Highlighted Metric: Quality of Hire


Use What you Have

Most organizations have ATS and HRIS data. Most of the time, these are siloed and don't talk. The first step towards improving your quality of hire is to change this.

Success of an employee is measured after they are hired. How can we understand how our hiring practices impact quality unless we marry these two valuable data sources?

Once that's done, you can create powerful metrics. Where do our best performers come from? Can we correlate new-hire turnover to things like education, zip code, hire source, or other data?

Strategic Recruiting

Most recruiters are measured in time-to-fill and volume. However, due to a lack of data, oftentimes the recruiting team is not getting good feedback on the performance, retention, and upward mobility of their hires. Many recruiters are great at hiring star performers, but maybe their recruits have a higher than average 12 month turnover rate.

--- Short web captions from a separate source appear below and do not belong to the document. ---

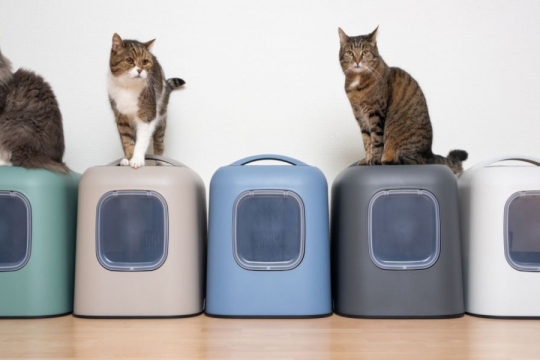 ¿Cuántas cajas de arena debería tener cada gato?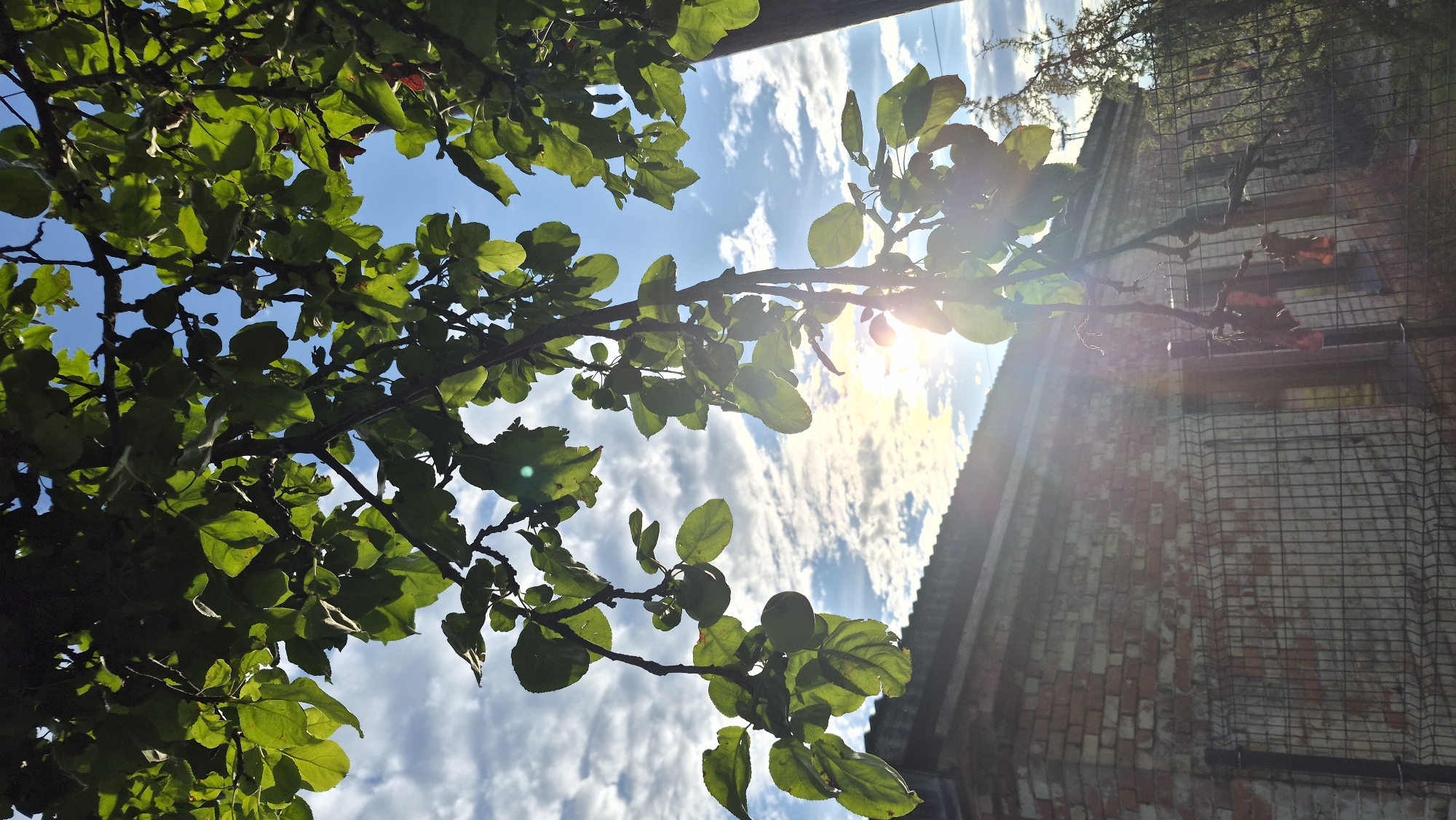 The image depicts a low-angle view of tree branches with green leaves against a bright blue sky with scattered clouds. Sunlight filters through the leaves, creating lens flare effects. Below the branches, a brick building with a dark roof is visible, partially obscured by a wire fence in the foreground. The building appears weathered, with some bricks missing and discoloration on the facade. The scene suggests an outdoor setting, possibly a yard or garden area, with the building possibly being a shed or a smaller structure. The location is identified as Krauja, Latvia.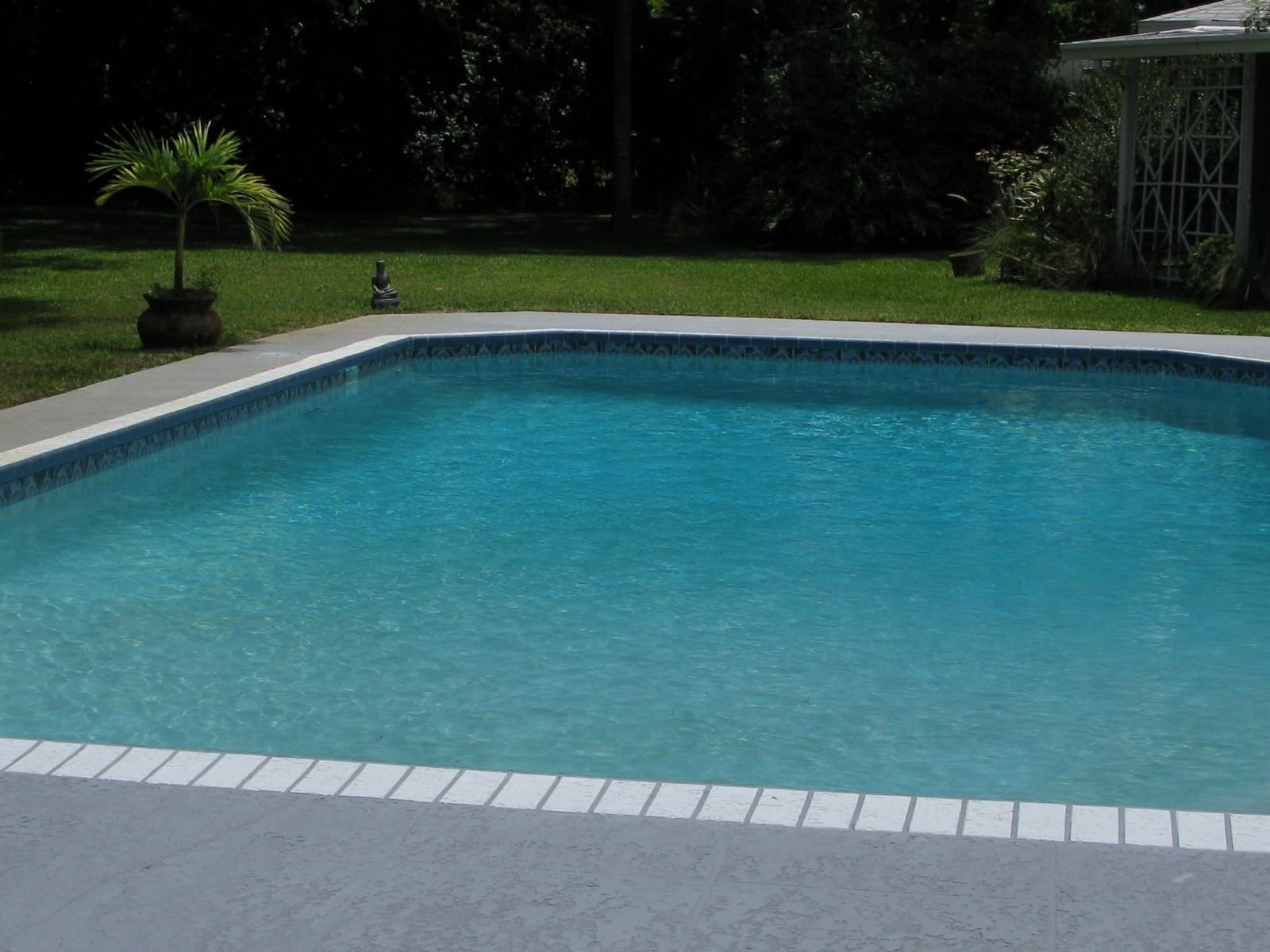 Rectangular pool with coping in Dunedin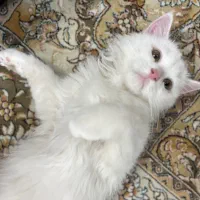 گربه پرشین کلاسیک 5ماهه|گربه|تربت‌حیدریه, شهرک ولیعصر|دیوار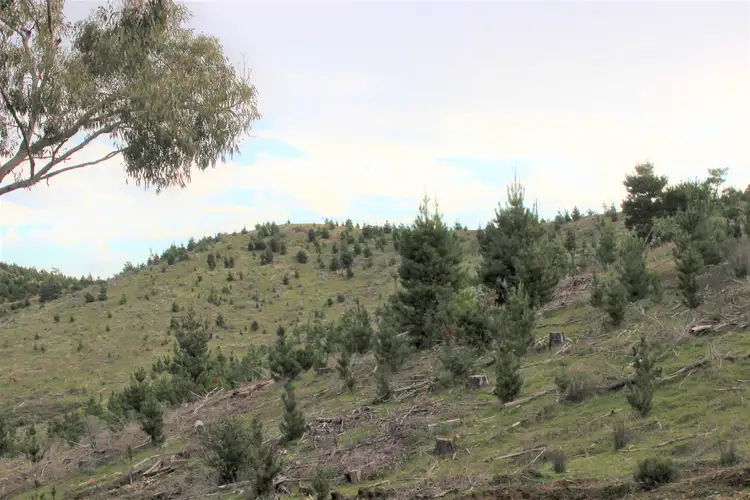 LOT 69 Mitchell Road, Tatong VIC 3673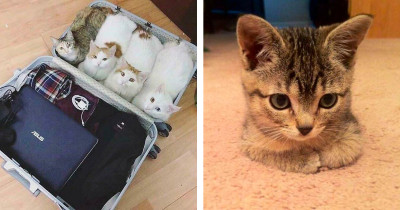 Pictures Of Cats Living Their Best Loaf Life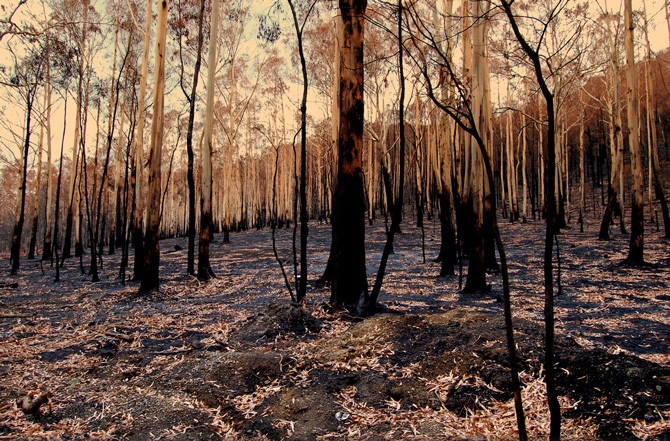 Aftermath from the 2009 Victorian bushfires.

By providing your recruiters with up-to-date metric-based feedback, they can adjust their practices and improve the quality of their hires.

Workforce Planning Improves Quality of Hire

59 percent of bad hires are directly attributable to rushed hiring*. This being the case, why are most requisitions opened on an ad-hoc, "as needed" basis? This leaves us stuck in reactive mode, or "fire drill hiring", which directly leads to a lower quality of hire.

When a company leverages strategic workforce planning to understand future gaps and hiring needs by job and functional area, this allows them to shift to proactive recruiting. Novel uses its technology back end and workforce planning functionality to deliver "recruiting cheat sheets". These show our clients' recruiting teams the future recruiting need for the next quarter, 6, 9 and twelve months. This allows the recruiting team to work proactively, source more and better candidates, and more thoroughly vet people before hiring them. A slightly longer time-to-fill is not a bad thing if it's a job being recruited proactively, versus being tied to a red alert vacancy.